In an interview last week at the education center, Giardina was emphatic that "our focus is still Dr. James Still."

She said she and the historical society had no choice but to focus first on the Bunning property because a restoration of Still's house was "totally beyond our reach."

"You can't just put asphalt shingles" on the roof, she said. "You have to research the original shingles and duplicate them. Same with the floors and furniture, the siding, windows."

Estimates for a historically accurate restoration of the Still house range from $500,000 to $1 million, she said. A state-funded architectural survey of the site cost $250,000 in 2006.

"We don't have anything like that amount of money," she said, adding that the Bunning restoration had received nothing from Medford Township or the state, and only $100 from the Medford Historical Society.

A local ShopRite gave the education center $10,000, a private donor gave $2,000, the Medford Women's Club has made a "generous gift," and the Lumberton Lowe's store designated it this year's "Lowe's Heroes" project.
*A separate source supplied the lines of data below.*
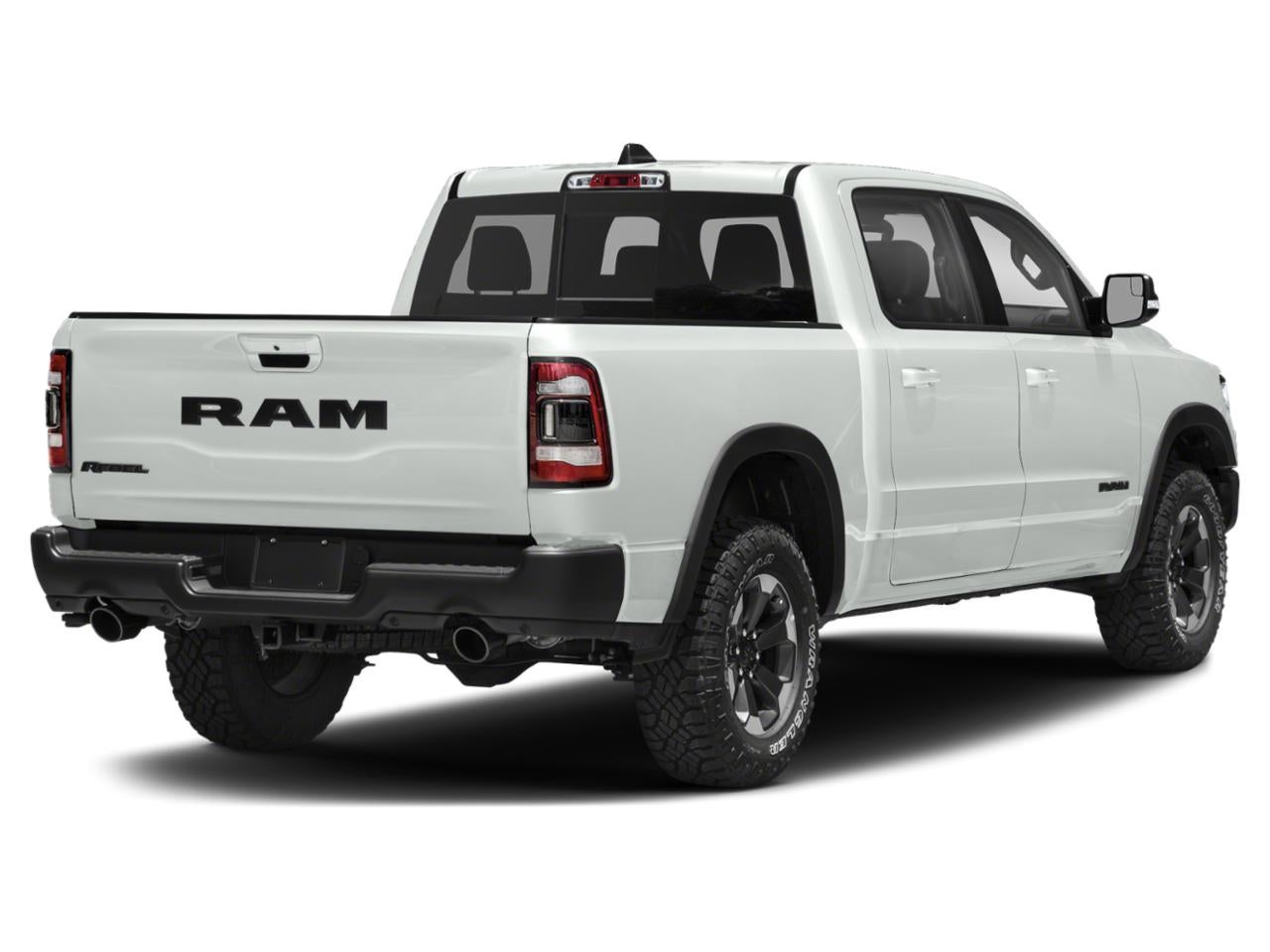 2020 RAM 1500 Rebel 4x4 Crew Cab 5'7" Box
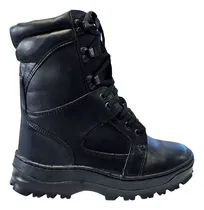 Comprar Borcegos Stx Tropper Bota Cuero Caña Alta Tacticos Trekking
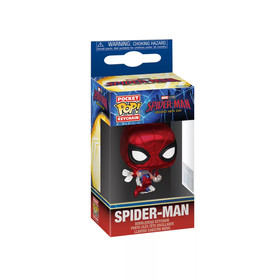 POP Keychain: Spider-Man BND- POP 5 (MT)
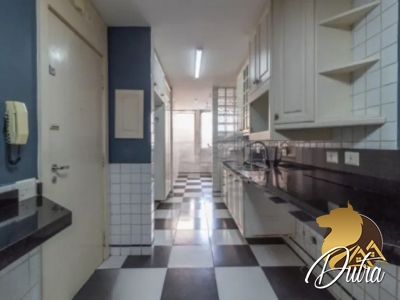 Edifício Guararapes Cerqueira César 180m² 02 Dormitórios 02 Suítes 1 Vagas
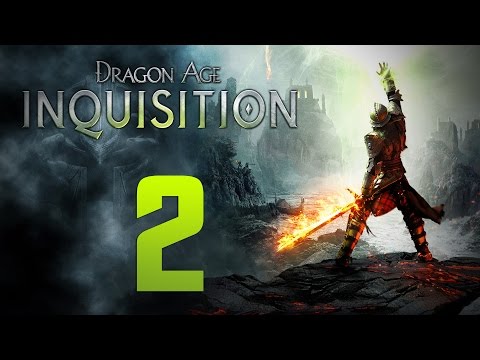 Видео: Прохождение Dragon Age Inquisition — Часть 2: Горный Перевал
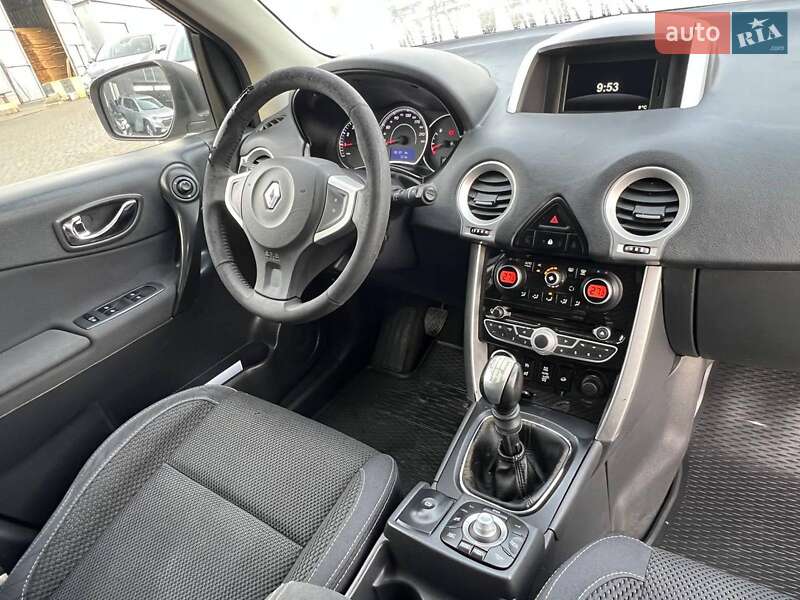 Внедорожник / Кроссовер Renault Koleos 2011 в Львове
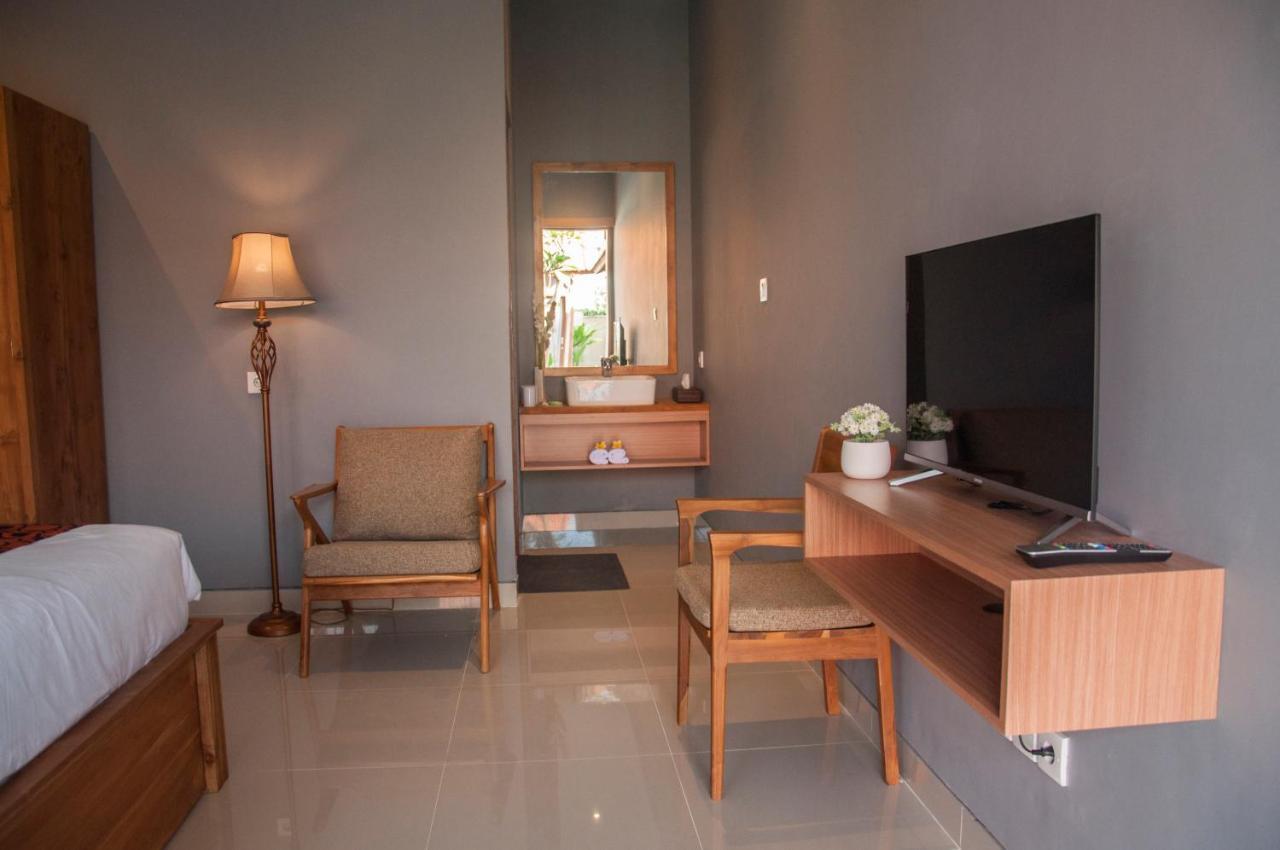 Omorich Bali Guest House 坎古 外观 照片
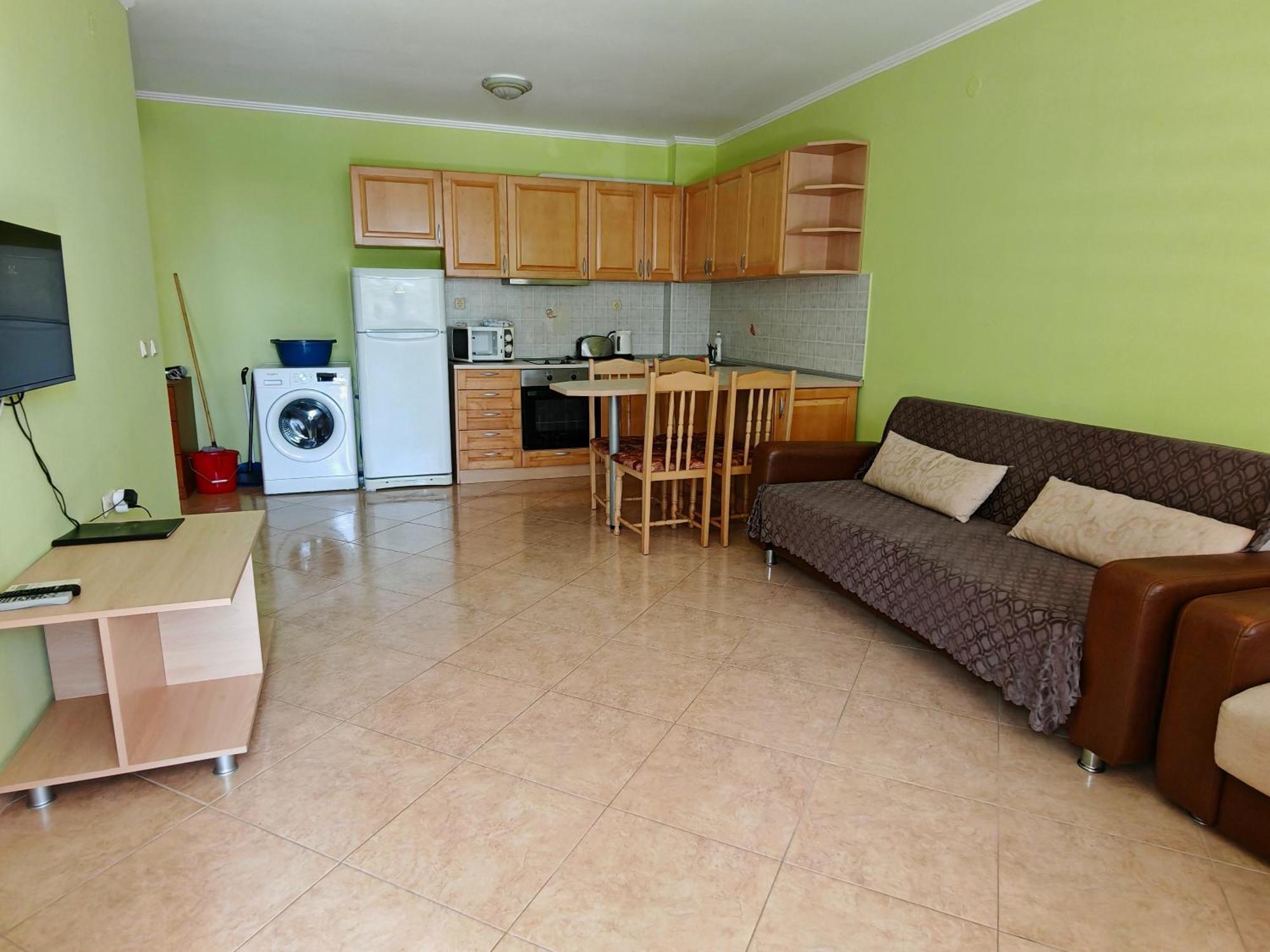 Marina Delfin Apartments - Top Location & Pet Friendly Sveti Vlas Exteriér fotografie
That designation brought with it the labors last week of about 35 Lowe's employee volunteers, along with free mulch and decorations for the children's garden.

While not everything on exhibit in the Bunning property will be focused on Still, "it's important," Giardina said, to understand James Still in the context of the community he called home.

"He chose Medford," she said, and for that reason she wants the education center to teach not only about Still but such topics as the town's abolitionist Quakers, who made Still feel welcome.

Still's Victorian mansion, which once sat between the little office and what is now the Bunning property, was demolished early in the last century.

On a brief tour of the Bunning house, Giardina showed off the former dining room that will become a reading room, with bookshelves stocked with literature devoted to Still and Medford.

The former parlor will serve as a 25-seat conference room for lectures, and the enclosed porch will have a TV screen showing hundreds of images related to Still.

The kitchen, Giardina said, will be used demonstrate how Still prepared herbs as remedies, and she pointed through a window to the boxed gardens outside that already contain thyme and lavender and a dozen other plants of the kind Still once grew.

Upstairs rooms are off-limits for now, she said, but one will serve as the office of archaeologist Marc Lorenc, a Ph.D candidate at the University of Massachusetts who specializes in Still.

Sunday's open house, which runs from 1 to 5 p.m., will include a reenactor portraying Still, lectures by Person on Still's religious faith, by Lorenc on "community archaeology," by descendant Machell Still-Pettis on the Still family women, and by Burlington County historian Joseph Laufer on Medford.

There will also be tours of the gardens, fiddle music, an exhibit of wild animals from the Cedar Run Wildlife Refuge, and games for children.

"The house over there," she said, nodding toward the Still house through the woods, "has been sitting like that for years.

"We just can't wait forever to tell his story."